A schema that includes train-test splitting with a 75:25 split ratio, k-fold cross-validation (CV) with k=3, an ML pipeline, and data evaluation was designed for experimental purposes. The train-test splitting is used for model specification (eg, feature selection and model tuning), model selection, and training of the final model. Modeling decisions are made on the training set. Thus, the test set is used only to evaluate and report the statistics of the algorithm’s performance. The purpose of 3-fold CV is to fine-tune the hyperparameters of the supervised learning algorithms (classifiers) that we investigate.

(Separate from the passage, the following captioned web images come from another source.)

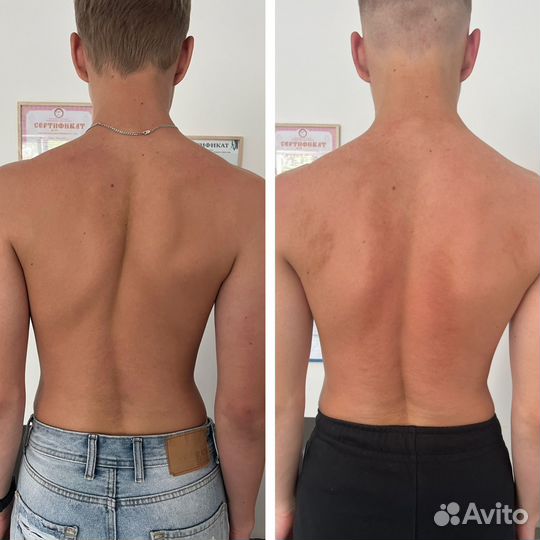 Манульный массаж, костоправ, без боли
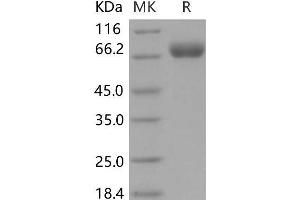 Western Blotting (WB) image for Opioid Binding Protein/cell Adhesion Molecule-Like (OPCML) (AA 1-541) (Active) protein (His tag) (ABIN7320094)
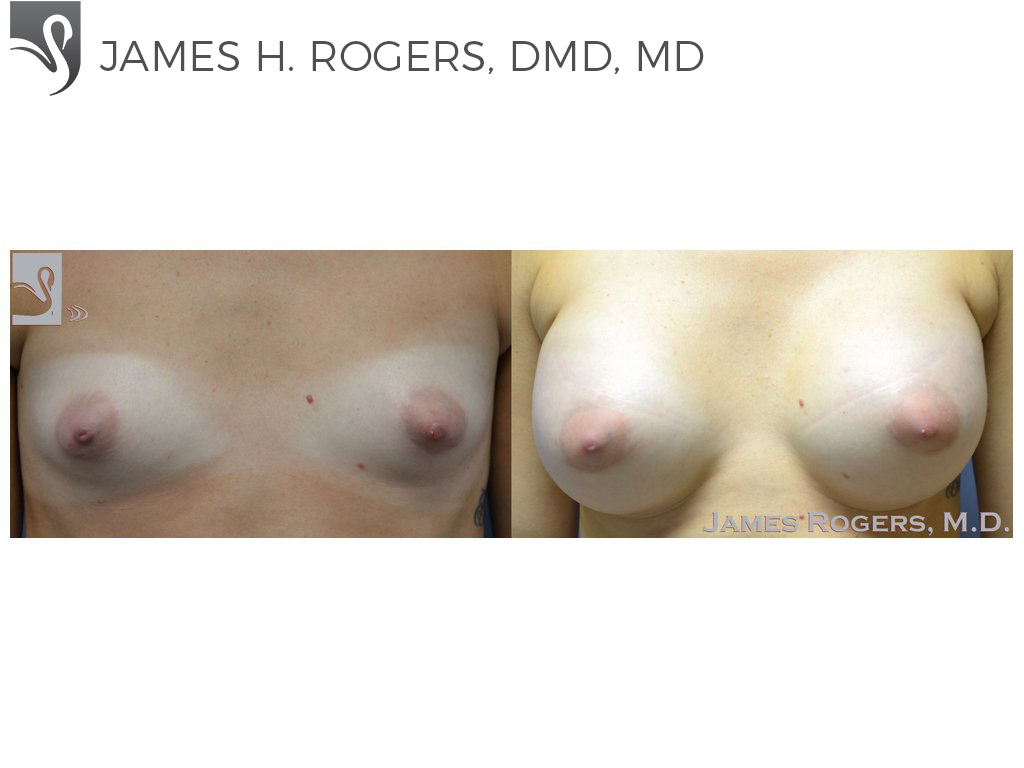 Before and After Image: Breast Augmentation Case #51607 - front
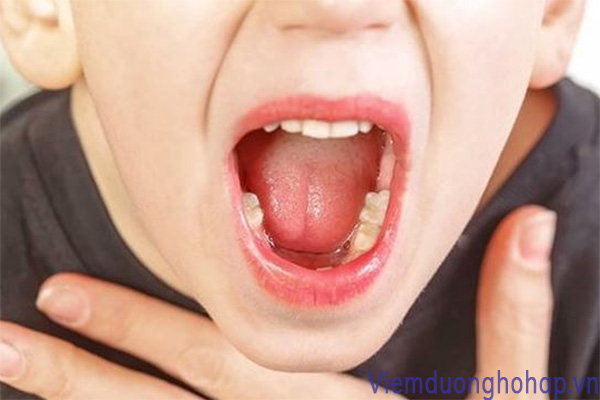 Thế nào là viêm amidan lưỡi? 1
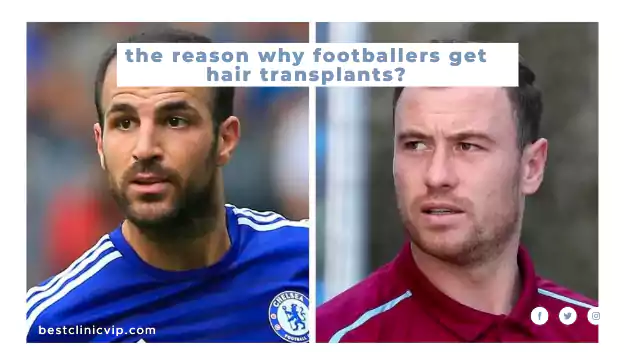the reason why footballers get hair transplants?
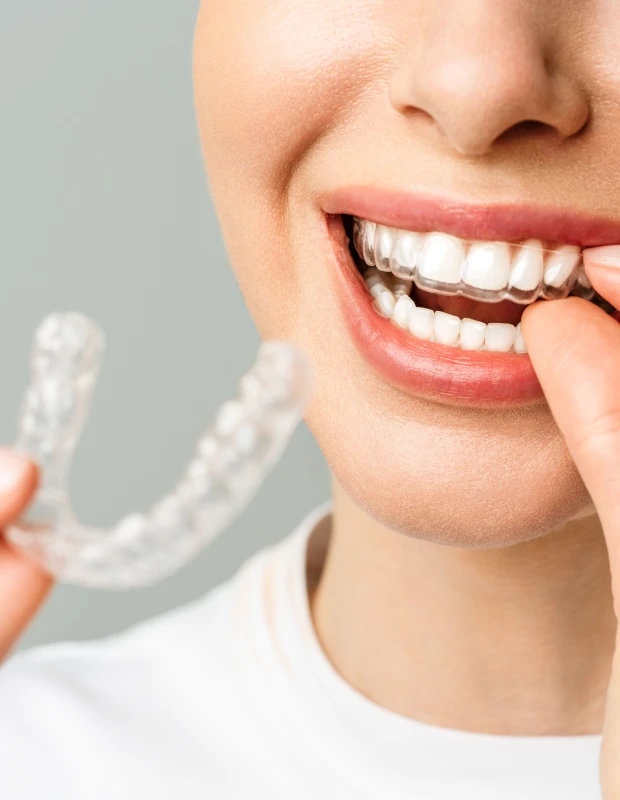 Dentistes Bastia, Orthodontie invisible à Furiani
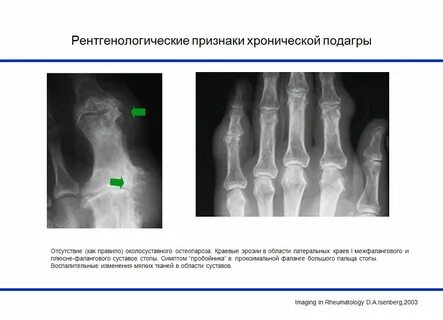 Рентгенологические признаки подагры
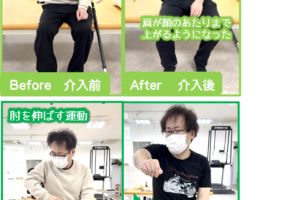 リハビリを続けて、肩や肘の動きが広がった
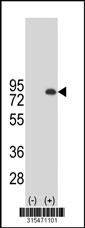 Western blot analysis of his-tag SILV (arrow) using his tag antibody. 293 cell lysates (2 ug/lane) either nontransfected (Lane 2) or transiently transfected with theSILV gene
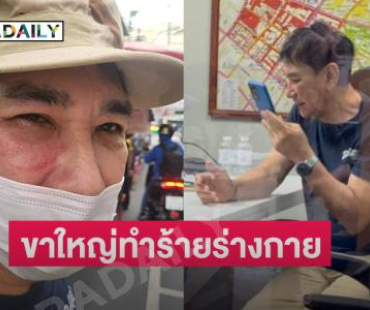 ด่วน! นักแสดงรุ่นใหญ่ ถูกขาใหญ่ย่านคลองถมทำร้ายร่างกาย ตาแตก หน้าบวมปูด ล่าสุดเข้าแจ้งความแล้ว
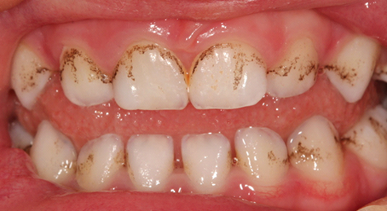 Tmavé pigmenty na zuboch – Black stains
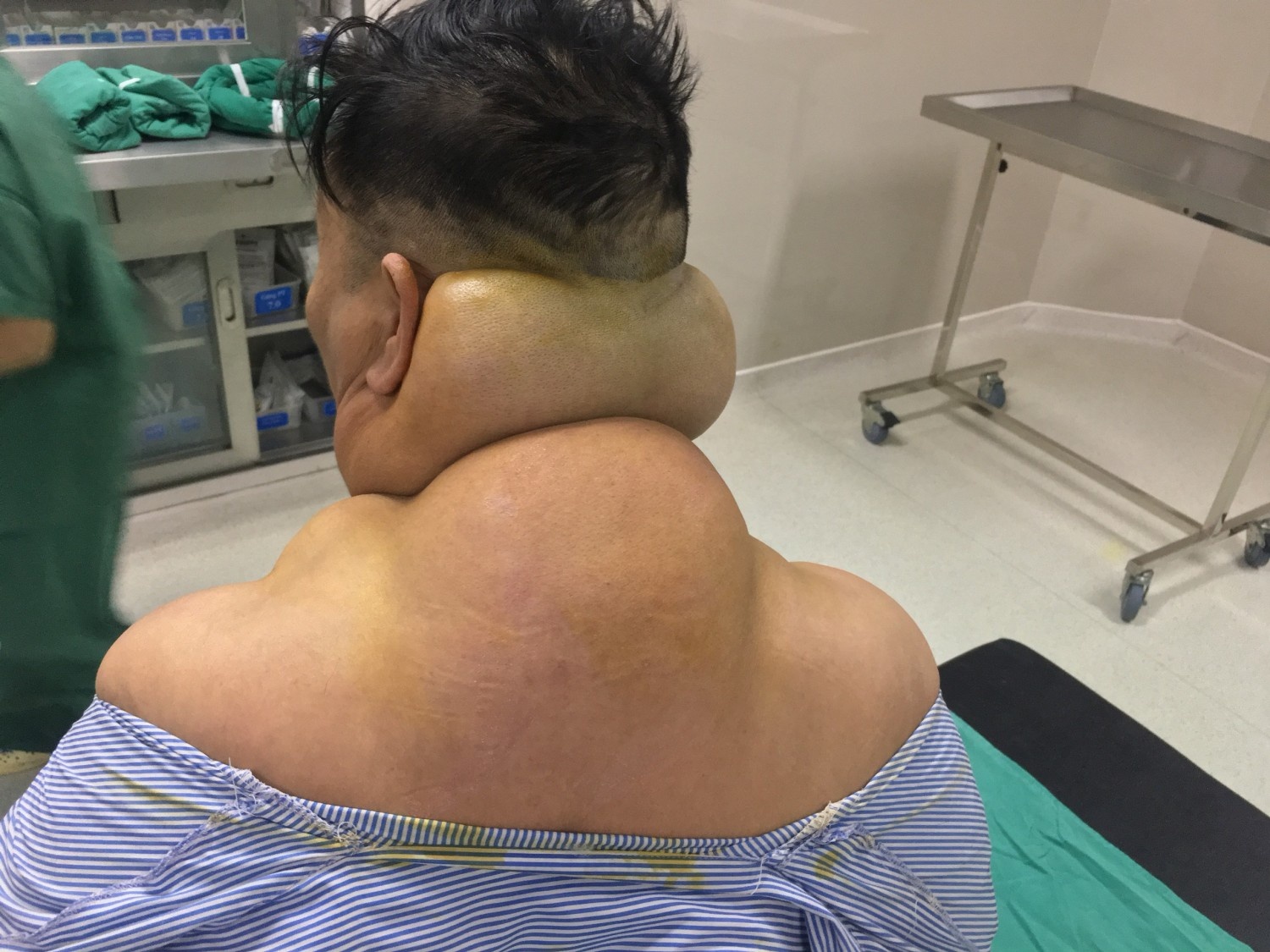 Benh nhan bien dang nhu nguoi khong lo anh 1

For each classifier, an ML pipeline was designed to include the following procedures: (1) removal of features with 0 variance, (2) univariate feature selection according to a statistical criterion (ANOVA F value between label and feature), (3) principal component analysis for dimensionality reduction, and (4) classifier training. Therefore, the hyperparameters of all the steps are tuned (eg, the number of components in principal component analysis) in the 3-fold CV process. The F1 score is used as the optimization criterion in the 3-fold CV, and the best configuration of each method's pipeline is then used on the entire training set (fully trained pipeline).

Next, the algorithm with the best-performing pipeline in the 3-fold CV is selected as the proposed method. The general performance of our system on unlabeled data is estimated by evaluating the predictive performance of the proposed method that consists of a fully trained pipeline on the test set. The performance of the ML system is also evaluated based on methods other than the proposed one. The following learning algorithms were applied: k-nearest neighbors (kNN) [37], logistic regression (LogReg) [38], support vector machine (SVM) [39], random forest (RF) [40], ridge classifier (RC) [41], passive aggressive classifier (PAC) [42], stochastic gradient descent (SGD) [43], and naïve Bayes (NB) [44]. For each classifier, we tuned its most important parameters using grid-search CV on a sufficient range of parameter values. The objective of the optimization is to maximize the micro-F1 score across all validation folds. In addition, we report the performance metrics of accuracy, precision, recall, and F1 scores.

Demographics

In total, 43 participants were recruited with a mean age of 11.82 (SD 2.81) years. Among these, 28 (65%) were male and 15 (35%) were female. Of the 43 participants, 18 (42%) were diagnosed with ADHD and 25 (58%) participants were considered controls (non-ADHD). Approximately 30 participants (70%) completed the first part of the pilot phase remotely.

Neuropsychological Data

Neuropsychological data were obtained from 30 participants. They were evaluated using WISC-V by the psychologist of the ADHD360 team or by an approved national body within the last 2 years. Among the 30 participants, 10 (33%) were diagnosed with ADHD and 20 (67%) were considered as healthy controls (non-ADHD). There were 21 males (70%) and 9 females (30%). In the ADHD group, all participants were male, whereas in the non-ADHD group, 11 (55%) were male and 9 (45%) were female. The mean age of the screened participants was 11.40 (SD 2.85) years. In the ADHD group, the mean age of the participants was 12.90 (SD 2.64) years, whereas that of the participants in the non-ADHD group was 10.65 (SD 2.70) years.

According to the data from the first neuropsychological assessment, the mean score in the figure weights subtest in the ADHD group was 14.00 (SD 5.79), whereas the median score of this subtest in the non-ADHD group was 19 (IQR 13-24). The mean scores in the subtests block design, similarities, digit span, coding, and vocabulary are presented in Table 1.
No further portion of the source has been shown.